É neste contexto que surgem as questões de fronteiras deixadas em aberto pelo final abrupto da União das Repúblicas Socialistas Soviéticas. Os litígios motivados por fronteiras mal desenhadas sempre estiveram, e irão continuar a estar, na origem da maioria dos conflitos entre nações em todo o planeta e em todas as épocas.
Na área da antiga União Soviética os territórios russos cedidos por Stalin à sua Geórgia natal foram resolvidos por Putin através da força militar. A Ossétia do Sul foi integrada pela força na Federação Russa e a Abecásia tornou-se independente mas na esfera da Rússia. Houve protestos do mundo ocidental mas a Geórgia não é bem Europa e o caso foi esquecido, mas serviu de aviso.
O caso da Ucrânia era mais complicado. A sua importância era fundamental para dar dimensão à Comunidade de Estados Independentes liderada pela Rússia. Mas quando a Ucrânia derivou estrategicamente para Ocidente surgiram as questões fronteiriças. Primeiro a Crimeia, que no quadro da União Soviética, o ucraniano Kroutchev  cedeu à Ucrânia, apesar da sua população ser maioritariamente russa, e que foi recuperada pela força em 2014. Seguiram-se sublevações de população de m, para além de outras reivindicações territoriais, exige um estatuto especial para a Ucrânia de neutralidade e e desmilitarização.

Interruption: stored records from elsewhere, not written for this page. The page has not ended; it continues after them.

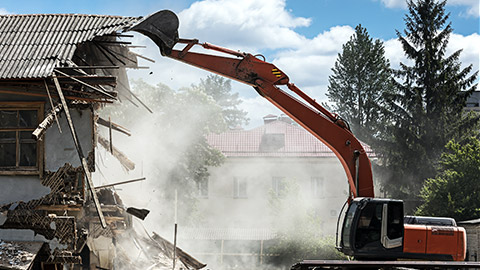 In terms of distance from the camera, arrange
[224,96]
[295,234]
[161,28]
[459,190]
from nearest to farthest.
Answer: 1. [161,28]
2. [459,190]
3. [295,234]
4. [224,96]

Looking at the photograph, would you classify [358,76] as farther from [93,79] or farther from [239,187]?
[93,79]

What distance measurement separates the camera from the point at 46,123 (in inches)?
549

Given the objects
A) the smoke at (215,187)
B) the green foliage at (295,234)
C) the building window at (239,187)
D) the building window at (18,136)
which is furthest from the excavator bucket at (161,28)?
the building window at (239,187)

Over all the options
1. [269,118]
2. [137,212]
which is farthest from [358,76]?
[137,212]

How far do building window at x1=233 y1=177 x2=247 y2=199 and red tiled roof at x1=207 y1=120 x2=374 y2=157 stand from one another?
79.3 inches

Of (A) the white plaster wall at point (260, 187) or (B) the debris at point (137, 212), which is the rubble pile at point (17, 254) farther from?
(A) the white plaster wall at point (260, 187)

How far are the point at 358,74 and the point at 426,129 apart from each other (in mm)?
13134

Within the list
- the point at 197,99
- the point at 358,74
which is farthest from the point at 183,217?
the point at 358,74

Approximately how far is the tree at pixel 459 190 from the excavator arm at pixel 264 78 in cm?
1607

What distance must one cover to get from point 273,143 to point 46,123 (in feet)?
115

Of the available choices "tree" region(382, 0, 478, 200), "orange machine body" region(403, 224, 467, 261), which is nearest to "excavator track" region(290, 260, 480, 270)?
"orange machine body" region(403, 224, 467, 261)

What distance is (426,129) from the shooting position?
1629 inches

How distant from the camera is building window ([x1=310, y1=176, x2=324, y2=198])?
153 feet

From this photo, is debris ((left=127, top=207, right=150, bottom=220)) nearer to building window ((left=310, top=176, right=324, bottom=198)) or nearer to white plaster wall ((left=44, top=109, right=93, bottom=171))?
white plaster wall ((left=44, top=109, right=93, bottom=171)) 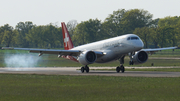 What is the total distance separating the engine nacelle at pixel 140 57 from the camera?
42312 mm

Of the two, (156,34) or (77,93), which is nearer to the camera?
(77,93)

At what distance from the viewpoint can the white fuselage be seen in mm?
39969

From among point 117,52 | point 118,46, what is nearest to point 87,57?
point 117,52

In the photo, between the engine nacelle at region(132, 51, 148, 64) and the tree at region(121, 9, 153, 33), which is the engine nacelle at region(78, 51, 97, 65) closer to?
the engine nacelle at region(132, 51, 148, 64)

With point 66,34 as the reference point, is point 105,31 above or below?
above

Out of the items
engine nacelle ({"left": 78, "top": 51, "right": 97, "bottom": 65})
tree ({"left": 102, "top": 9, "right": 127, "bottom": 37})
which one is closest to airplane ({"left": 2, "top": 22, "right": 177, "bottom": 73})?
engine nacelle ({"left": 78, "top": 51, "right": 97, "bottom": 65})

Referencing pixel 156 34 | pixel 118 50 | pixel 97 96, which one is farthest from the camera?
pixel 156 34

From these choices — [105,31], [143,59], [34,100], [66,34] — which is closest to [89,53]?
[143,59]

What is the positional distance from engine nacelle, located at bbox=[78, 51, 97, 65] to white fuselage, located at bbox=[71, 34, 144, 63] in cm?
151

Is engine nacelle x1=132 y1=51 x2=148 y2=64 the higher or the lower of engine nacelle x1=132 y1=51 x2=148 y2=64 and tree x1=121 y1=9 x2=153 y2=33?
the lower

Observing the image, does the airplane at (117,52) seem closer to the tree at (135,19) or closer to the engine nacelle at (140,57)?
the engine nacelle at (140,57)

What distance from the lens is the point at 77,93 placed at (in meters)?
20.4

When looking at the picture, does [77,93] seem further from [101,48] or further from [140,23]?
[140,23]

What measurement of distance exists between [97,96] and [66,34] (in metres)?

A guerra não está a correr bem aos russos, mercê da estratégia ucraniana de escolher como campo de batalha as cidades e do armamento adequado para esta estratégia fornecido pela NATO. No entanto, o preço a pagar por esta estratégia é muito alto. Resulta na destruição do país e das suas estruturas e a táctica utilizada faz da sua população alvo do invasor.
Valerá a pena? A Hungria (1956) e a Checoslováquia (1968) pouco reagiram a invasões russas e hoje são países livres e membros da União Europeia e da NATO. O rumo da história tem o seu tempo e interferir com o tempo da história pode ser demasiado perigoso. A Rússia não pode perder esta guerra. Seria a humilhação suprema. O urso enfurecido irá utilizar todas as armas ao seu alcance, mas perder, jamais. Os líderes ocidentais sabem disso mas continuam a alimentar a fúria do urso. É um jogo perigoso.
As sanções não estão nem vão resultar e também nos atingem. E os russos nunca irão compreender a reacção do Ocidente relativamente a esta operação militar, eles que nem reagiram quando os Estados Unidos da América e aliados atravessaram com os seus exércitos o planeta para invadir e destruir totalmente um país, o Iraque, cujo poderoso exército só tinha equipamento militar russo. Foram em busca de umas armas de destruição maciça que, como já se suspeitava, não existiam.
A PAZ não se constrói alimentando a guerra.